Task requirements » Quote exactly, and only, the lines of the material below from the line with "Nautical Ocean Blue" through the line with "Caneca De Café".

# # # # # # #

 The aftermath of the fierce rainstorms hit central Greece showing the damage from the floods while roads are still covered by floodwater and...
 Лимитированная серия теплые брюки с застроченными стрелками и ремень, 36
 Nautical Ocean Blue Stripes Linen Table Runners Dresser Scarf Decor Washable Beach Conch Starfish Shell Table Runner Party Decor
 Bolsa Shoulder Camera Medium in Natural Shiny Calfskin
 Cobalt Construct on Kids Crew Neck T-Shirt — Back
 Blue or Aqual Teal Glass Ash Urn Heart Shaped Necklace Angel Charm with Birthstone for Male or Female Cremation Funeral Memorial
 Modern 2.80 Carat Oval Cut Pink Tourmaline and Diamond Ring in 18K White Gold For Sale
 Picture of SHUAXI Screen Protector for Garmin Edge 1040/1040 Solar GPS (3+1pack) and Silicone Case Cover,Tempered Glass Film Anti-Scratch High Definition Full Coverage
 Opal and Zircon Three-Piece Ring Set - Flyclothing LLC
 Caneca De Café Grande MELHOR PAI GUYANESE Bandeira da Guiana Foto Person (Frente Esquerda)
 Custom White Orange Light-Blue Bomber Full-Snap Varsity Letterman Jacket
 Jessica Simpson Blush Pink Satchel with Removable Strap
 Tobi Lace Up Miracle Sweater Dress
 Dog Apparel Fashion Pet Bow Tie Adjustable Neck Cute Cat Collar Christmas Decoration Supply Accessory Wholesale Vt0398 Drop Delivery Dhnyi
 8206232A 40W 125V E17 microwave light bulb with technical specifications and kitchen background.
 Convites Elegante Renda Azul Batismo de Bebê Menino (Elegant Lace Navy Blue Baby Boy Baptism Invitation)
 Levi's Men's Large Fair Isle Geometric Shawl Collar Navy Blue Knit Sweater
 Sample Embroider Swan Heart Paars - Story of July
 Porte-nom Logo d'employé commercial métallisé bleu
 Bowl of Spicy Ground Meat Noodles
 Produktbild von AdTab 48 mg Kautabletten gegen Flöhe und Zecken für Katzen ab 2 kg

# # # # # # #

Written answer »
 Nautical Ocean Blue Stripes Linen Table Runners Dresser Scarf Decor Washable Beach Conch Starfish Shell Table Runner Party Decor
 Bolsa Shoulder Camera Medium in Natural Shiny Calfskin
 Cobalt Construct on Kids Crew Neck T-Shirt — Back
 Blue or Aqual Teal Glass Ash Urn Heart Shaped Necklace Angel Charm with Birthstone for Male or Female Cremation Funeral Memorial
 Modern 2.80 Carat Oval Cut Pink Tourmaline and Diamond Ring in 18K White Gold For Sale
 Picture of SHUAXI Screen Protector for Garmin Edge 1040/1040 Solar GPS (3+1pack) and Silicone Case Cover,Tempered Glass Film Anti-Scratch High Definition Full Coverage
 Opal and Zircon Three-Piece Ring Set - Flyclothing LLC
 Caneca De Café Grande MELHOR PAI GUYANESE Bandeira da Guiana Foto Person (Frente Esquerda)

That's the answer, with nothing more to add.